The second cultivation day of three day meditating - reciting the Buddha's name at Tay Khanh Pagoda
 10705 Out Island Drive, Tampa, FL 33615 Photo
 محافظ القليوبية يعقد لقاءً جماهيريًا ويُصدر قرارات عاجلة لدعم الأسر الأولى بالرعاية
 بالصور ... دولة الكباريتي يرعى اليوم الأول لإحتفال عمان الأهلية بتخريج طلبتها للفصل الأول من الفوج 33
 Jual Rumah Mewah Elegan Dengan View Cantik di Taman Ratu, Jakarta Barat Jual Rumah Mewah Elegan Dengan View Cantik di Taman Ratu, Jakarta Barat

DIRECTIONS ▸ Provide a verbatim copy of all the entries.

EXPECTED OUTPUT ▸
The second cultivation day of three day meditating - reciting the Buddha's name at Tay Khanh Pagoda
 10705 Out Island Drive, Tampa, FL 33615 Photo
 محافظ القليوبية يعقد لقاءً جماهيريًا ويُصدر قرارات عاجلة لدعم الأسر الأولى بالرعاية
 بالصور ... دولة الكباريتي يرعى اليوم الأول لإحتفال عمان الأهلية بتخريج طلبتها للفصل الأول من الفوج 33
 Jual Rumah Mewah Elegan Dengan View Cantik di Taman Ratu, Jakarta Barat Jual Rumah Mewah Elegan Dengan View Cantik di Taman Ratu, Jakarta Barat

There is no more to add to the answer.